▸ WORK TO COMPLETE: The answer must consist only of the lines from the line with "Margot Robbie, photorealistic, best" to the line with "10Pc/Lot 8mm Handmade", both included, exactly as they stand below.

▸ RECORD EXTRACTS:
***
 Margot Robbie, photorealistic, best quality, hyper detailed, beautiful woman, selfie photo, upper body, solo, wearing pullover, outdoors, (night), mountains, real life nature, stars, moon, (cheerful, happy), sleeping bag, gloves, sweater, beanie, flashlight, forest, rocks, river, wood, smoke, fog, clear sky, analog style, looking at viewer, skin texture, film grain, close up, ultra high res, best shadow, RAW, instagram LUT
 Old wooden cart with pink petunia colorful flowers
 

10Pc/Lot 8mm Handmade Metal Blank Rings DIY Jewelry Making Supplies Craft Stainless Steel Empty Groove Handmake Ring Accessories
***
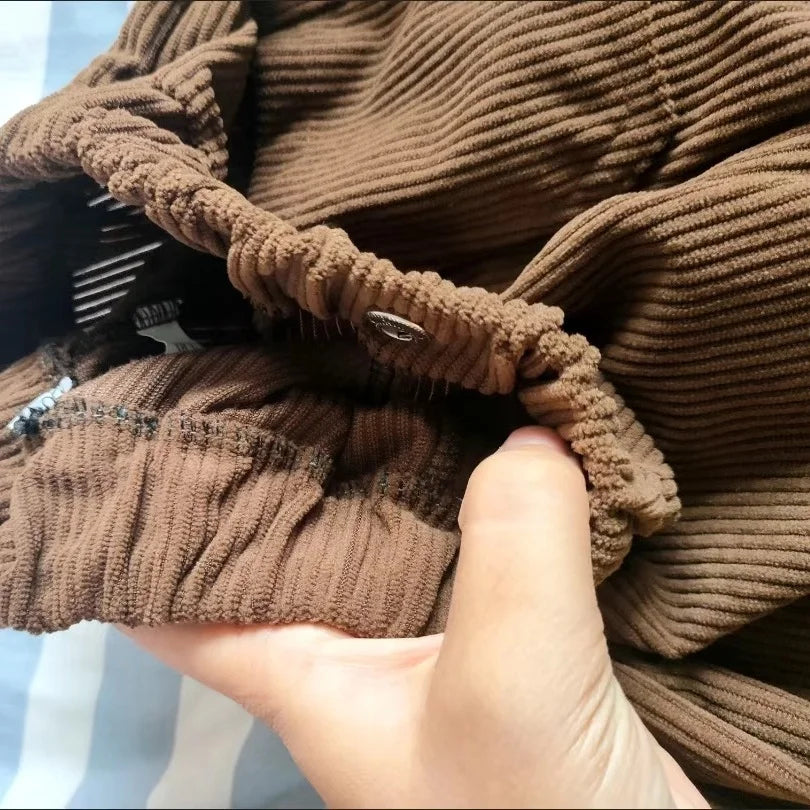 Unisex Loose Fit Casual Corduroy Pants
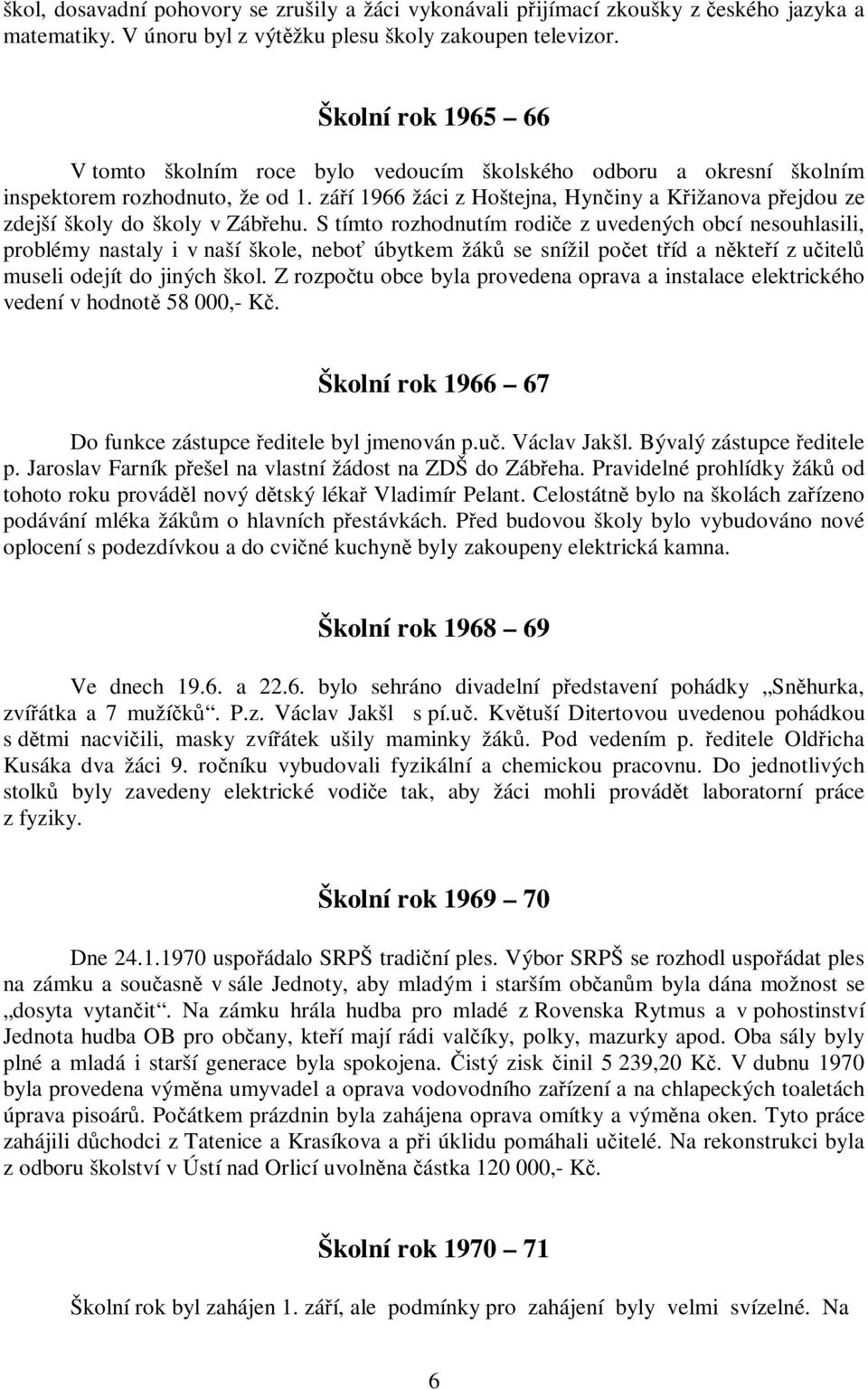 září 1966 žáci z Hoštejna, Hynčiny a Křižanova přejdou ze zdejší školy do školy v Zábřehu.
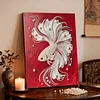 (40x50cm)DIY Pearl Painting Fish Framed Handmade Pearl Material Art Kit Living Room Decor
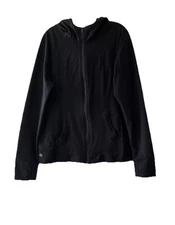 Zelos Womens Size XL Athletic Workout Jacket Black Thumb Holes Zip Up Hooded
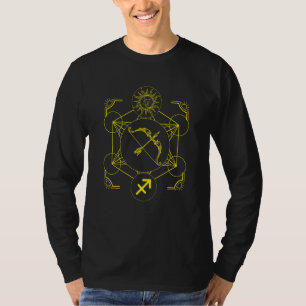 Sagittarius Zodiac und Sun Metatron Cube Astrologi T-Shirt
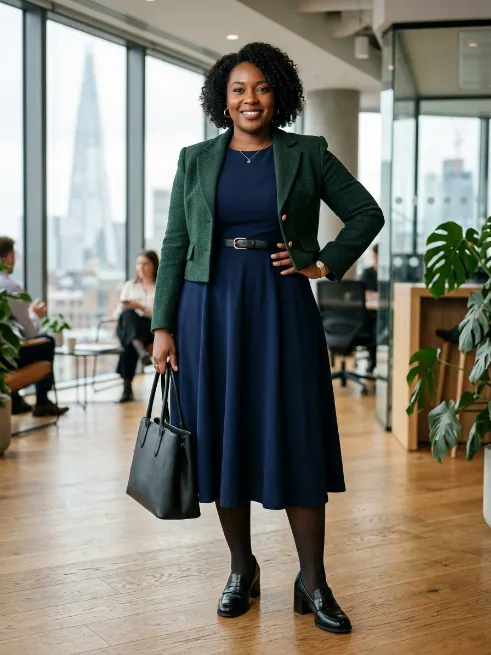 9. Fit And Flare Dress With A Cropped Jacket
***
▸ ANSWER TO THIS EXERCISE:
 Margot Robbie, photorealistic, best quality, hyper detailed, beautiful woman, selfie photo, upper body, solo, wearing pullover, outdoors, (night), mountains, real life nature, stars, moon, (cheerful, happy), sleeping bag, gloves, sweater, beanie, flashlight, forest, rocks, river, wood, smoke, fog, clear sky, analog style, looking at viewer, skin texture, film grain, close up, ultra high res, best shadow, RAW, instagram LUT
 Old wooden cart with pink petunia colorful flowers
 

10Pc/Lot 8mm Handmade Metal Blank Rings DIY Jewelry Making Supplies Craft Stainless Steel Empty Groove Handmake Ring Accessories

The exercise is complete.